### TASK DETAILS
Without including any images, repeat the data exactly.

### GIVEN DATA
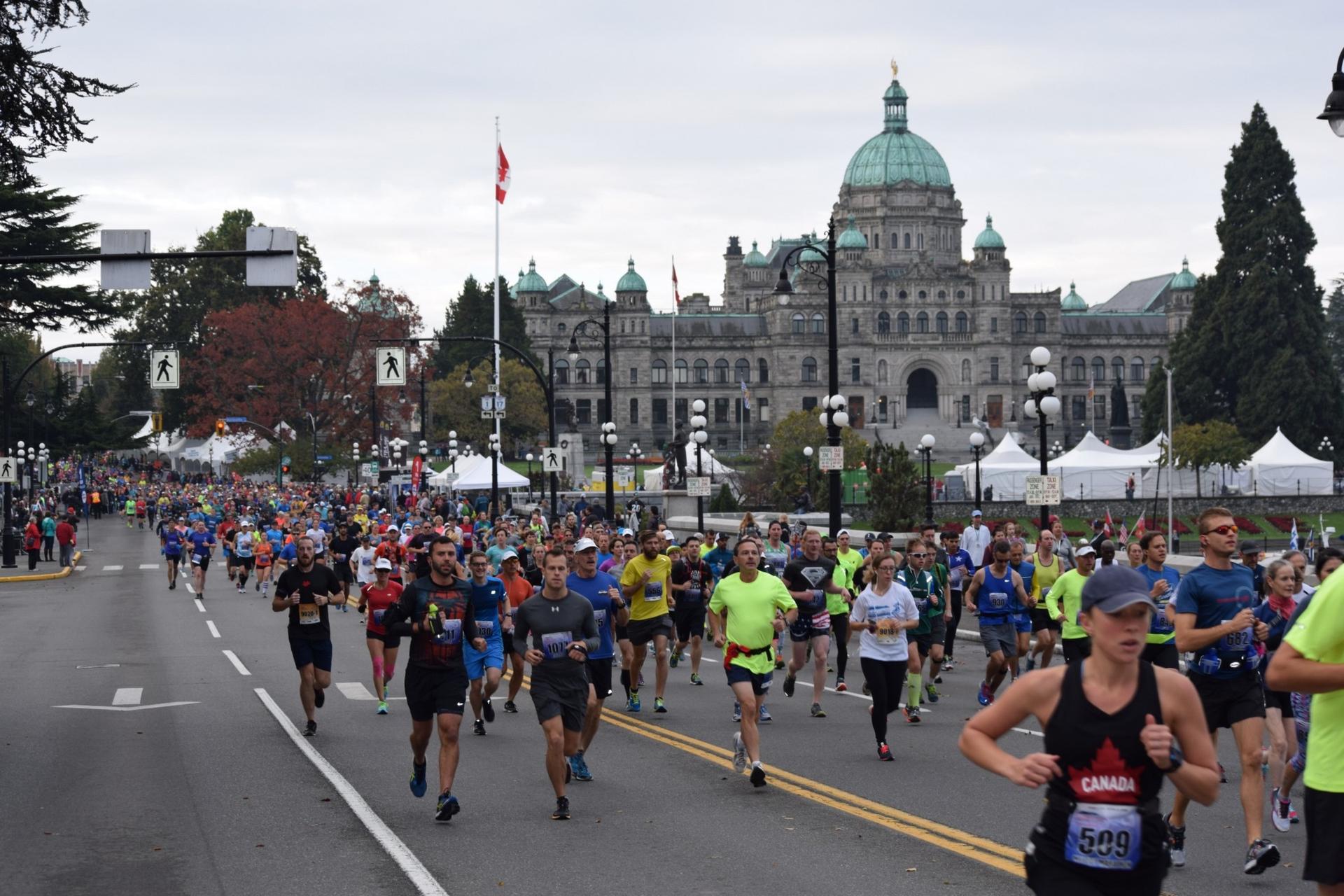 Marathon participants with the Legislature in the background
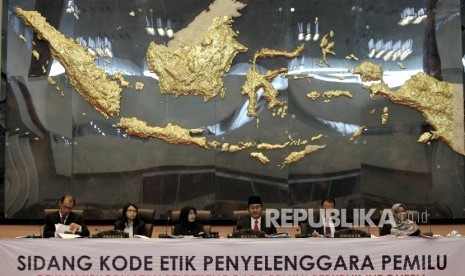 Ketua DKPP Jimly Asshiddiqie (ketiga kanan) bersama jajaran Anggota Majelis DKPP memimpin sidang kode etik penyelenggara Pemilu di komplek Parlemen Senayan, Jakarta, Kamis (30/3).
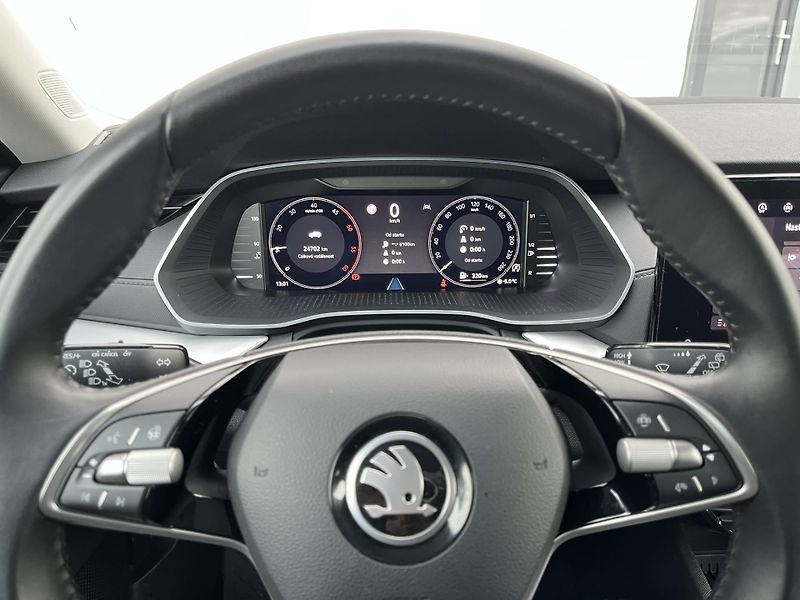 Škoda Octavia 2.0TDi 85kW Selection - fotka 23 z 23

### PROBLEM SOLUTION
 Marathon participants with the Legislature in the background
 Ketua DKPP Jimly Asshiddiqie (ketiga kanan) bersama jajaran Anggota Majelis DKPP memimpin sidang kode etik penyelenggara Pemilu di komplek Parlemen Senayan, Jakarta, Kamis (30/3).
 Škoda Octavia 2.0TDi 85kW Selection - fotka 23 z 23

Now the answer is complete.